High Integrity Compilation – Andrew Birkett's blog

The book High Integrity Compilation is keeping my brain engaged as I munch my lunchtime sandwiches. The basic plot concerns writing a bug-free compiler, and the cast consists of the semantics of the high-level language being compiled and the semantics of the target assembly language. Happily, it’s really quite easy going. My previous encounters with formal semantics have generally left me feeling out of my depth. In contrast, this book deals with source/target languages which are just complex enough to show interesting properties but simple enough to pick up immediately.
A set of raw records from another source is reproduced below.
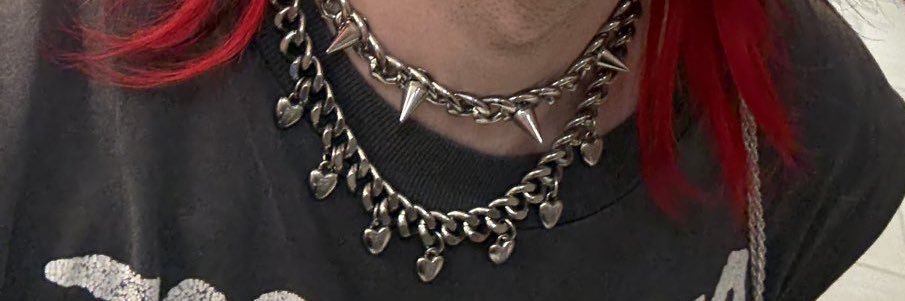 ⚔️'s banner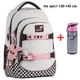 Рюкзак Kite Education teens K26-727M-2 Fancy + бутылка для воды Kite 550мл. - изображение 1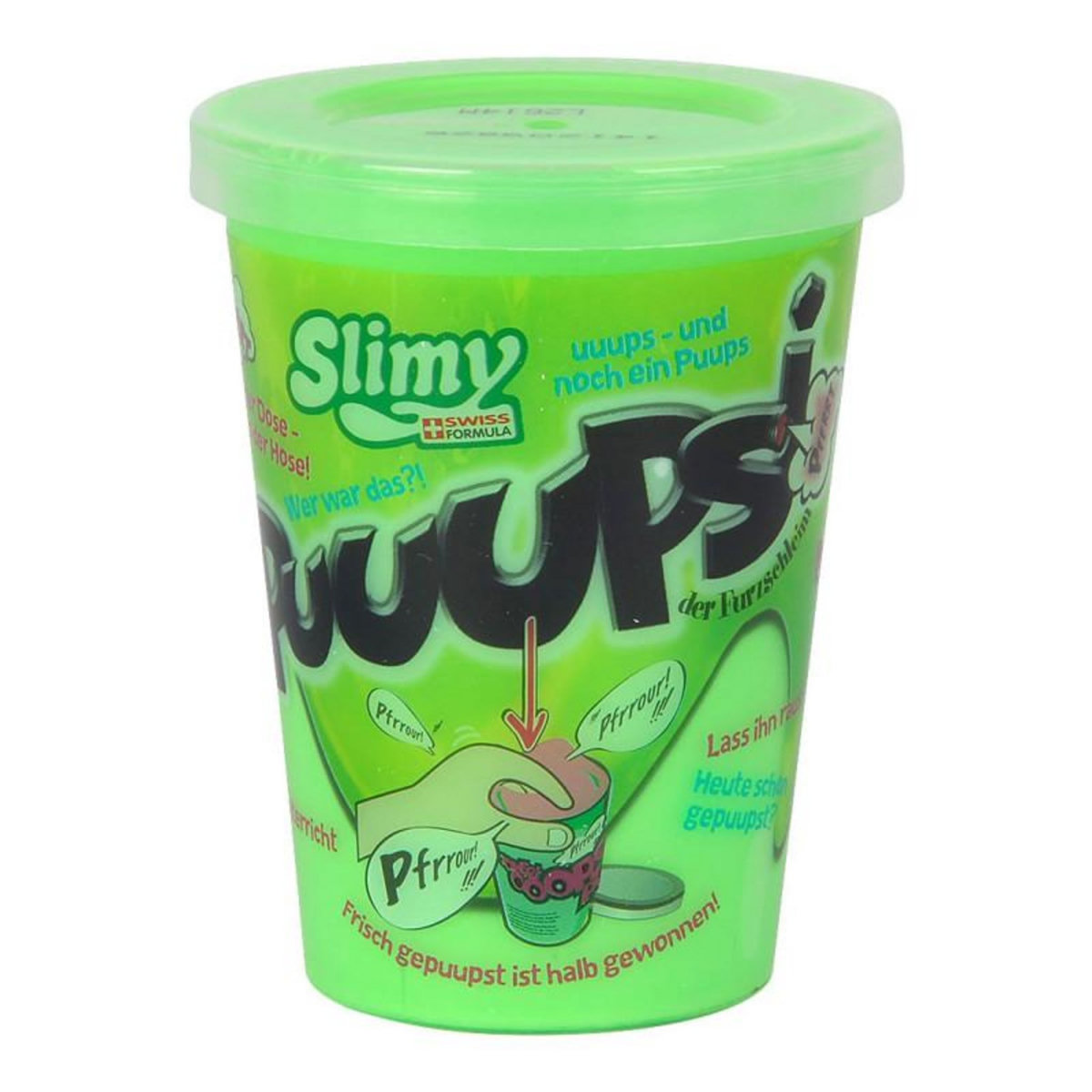 SIMBA Simba - Slime in jar 105955857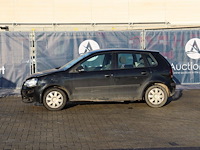 Personenauto volkswagen polo benzine 60pk 2008 (marge)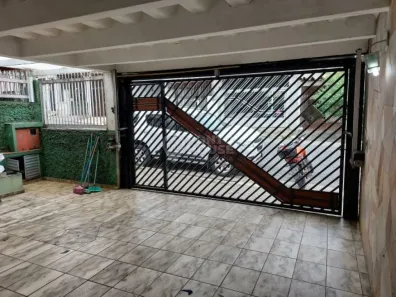Sobrado com 5 Quartos à venda, 330m² no Parque Vila Maria, São Paulo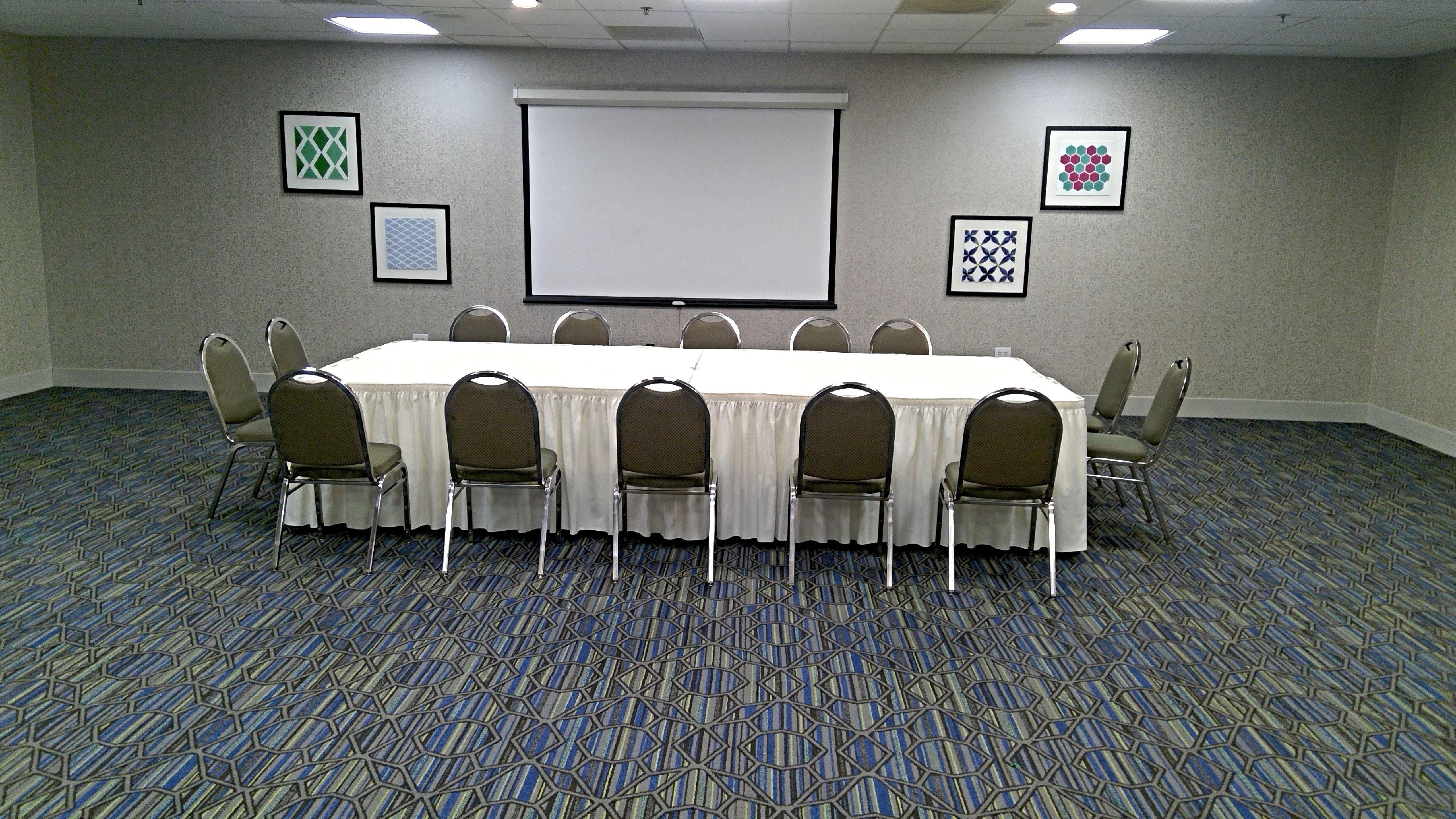 Holiday Inn Express & Suites Tracy By Ihg Екстер'єр фото
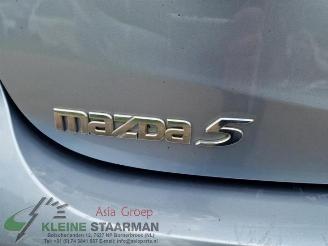 Mazda 5 5 (CWA9), MPV, 2010 1.8i 16V picture 22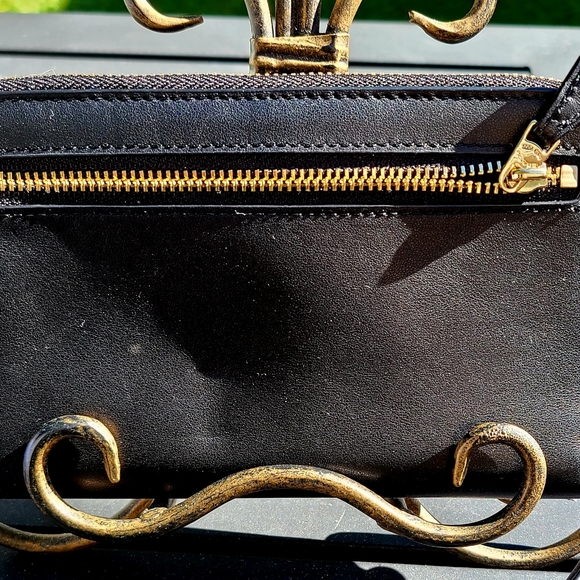 Coach Wristlet - Picture 2 of 4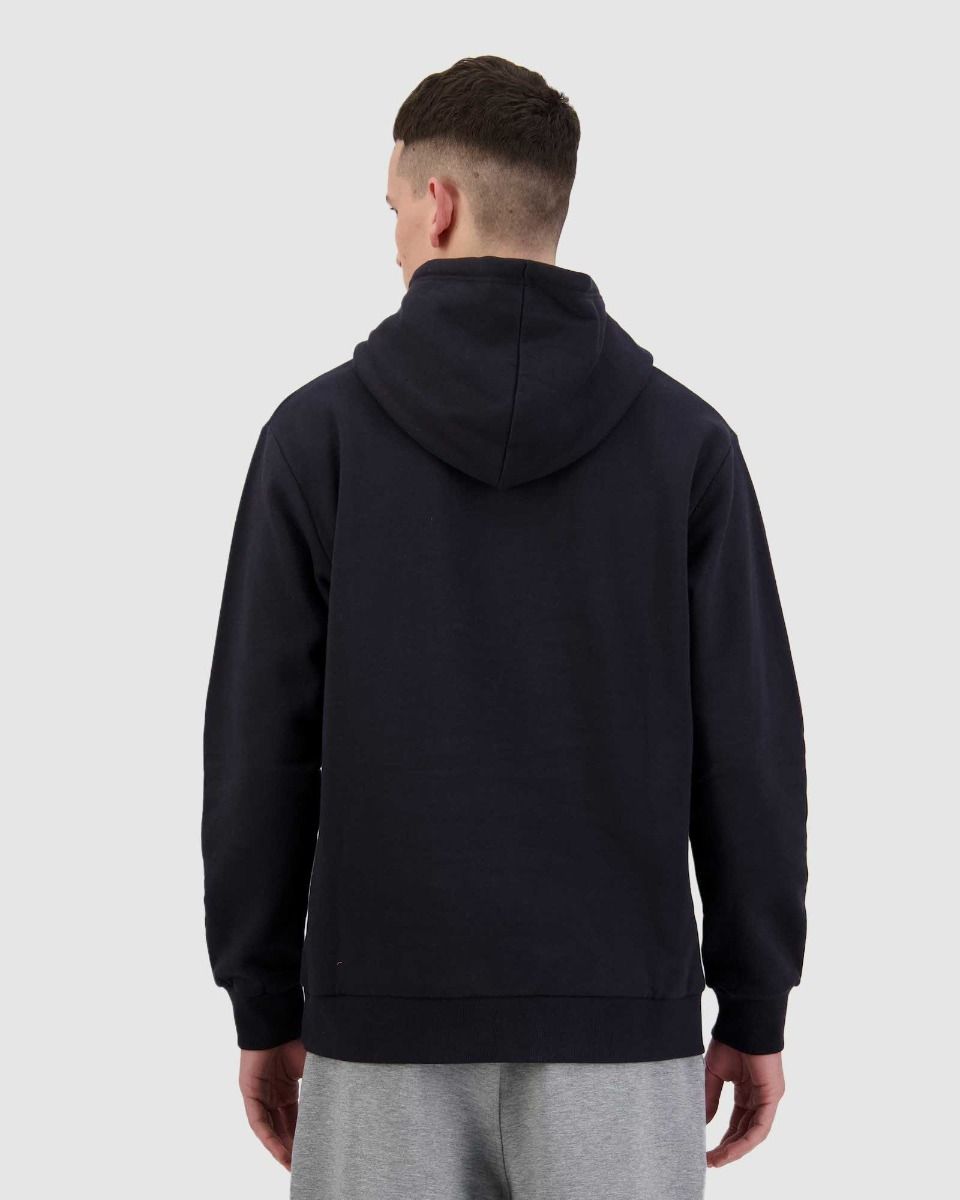 Huffer True Hood/Drop Out - Navy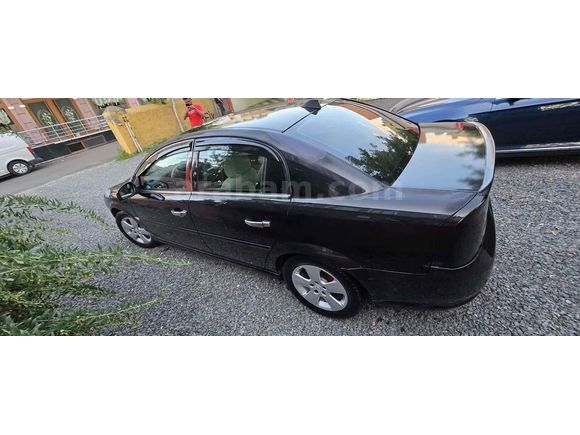 Sahibinden Opel Vectra 1.6 Comfort 2006 Model 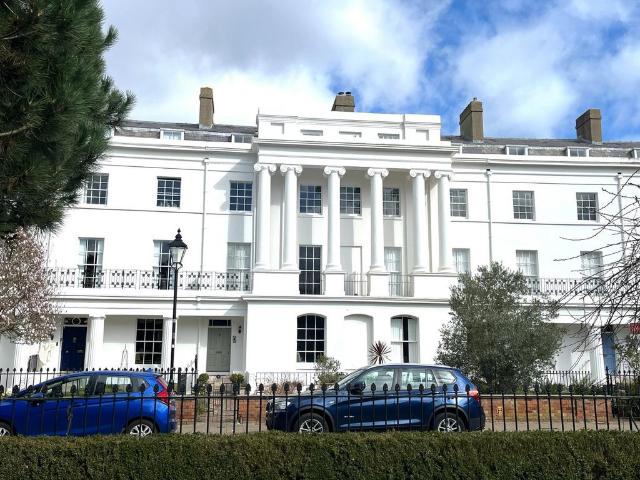 Flat for sale in Anglesey, Middlecroft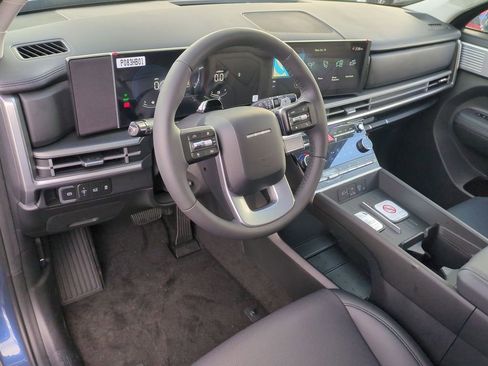 New 2026 Hyundai Santa Fe SEL AWD/4WD image 12
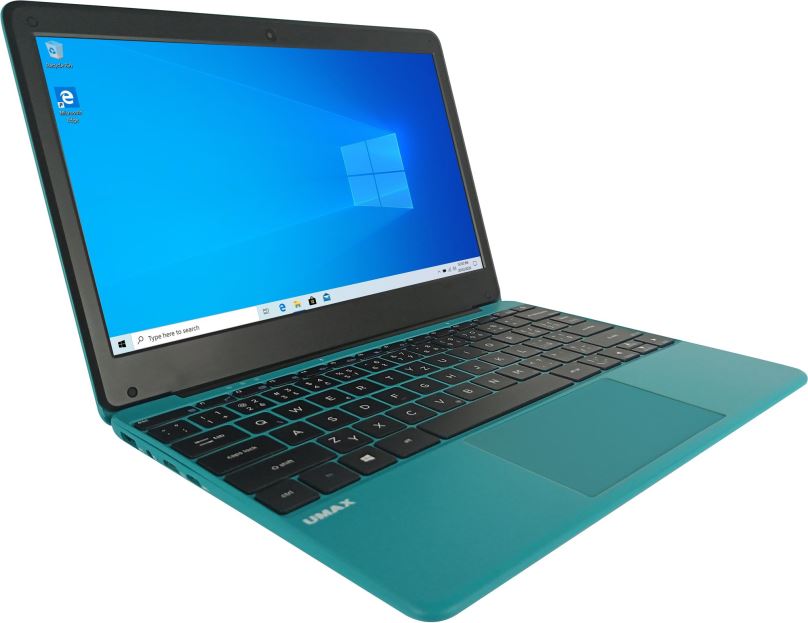 Notebook Umax VisionBook 12Wr Turquoise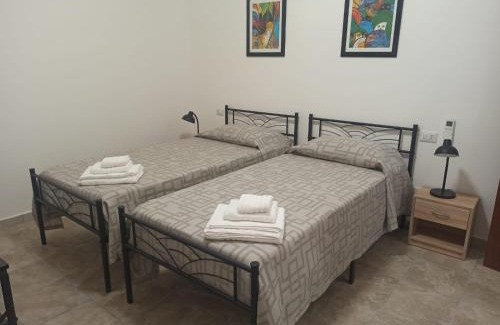 Parma Cama Y Desayuno | VILLA VIOLA B & B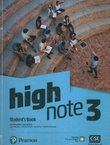 High Note 3. Student's Book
I’ll try to give an example of why this book makes things easier. The “meaning” of a computer language is usually formally defined by a mapping from “programs” to some kind of mathematical object, like a set. This is useful because we can then leverage all of our mathematics knowledge to learn stuff about behaviour of the program. Now, most books on semantics start with a paragraph like “we’d like to use boring old primary-school sets as our mathematical objects, but they’re not powerful enough”. And before you know it, they’ve starting using domain theory and fixed-points as if they were as common as making a cup of tea. Around this point, I usually head over to slashdot and never return. However, the “High Integrity Compilation” book happily doesn’t disappear down this road. It stays safely up in the land of simple maths and easy state machines. The languages under consideration are simple imperative ones, and so there’s not the same focus on recursive functions that you get with ML-like languages and so you’re not immediately hit by a wall of complexity on page four of the book.

This book also dutifully walks through useful examples, working up from simple three-liners into multi-page walkthroughs. There’s a refreshing lack of the words “obviously”, “clearly” and “trivially” and instead plenty of concrete worked examples.

Of course, this means that the resulting compiler isn’t going to really change the world. The source and target languages are chosen for pedagogical reasons rather than real-world usefulness. But this means that, for someone like me learning on their own, you can quickly get a good grounding in semantics without having to deal with a whole load of picky little uninteresting details.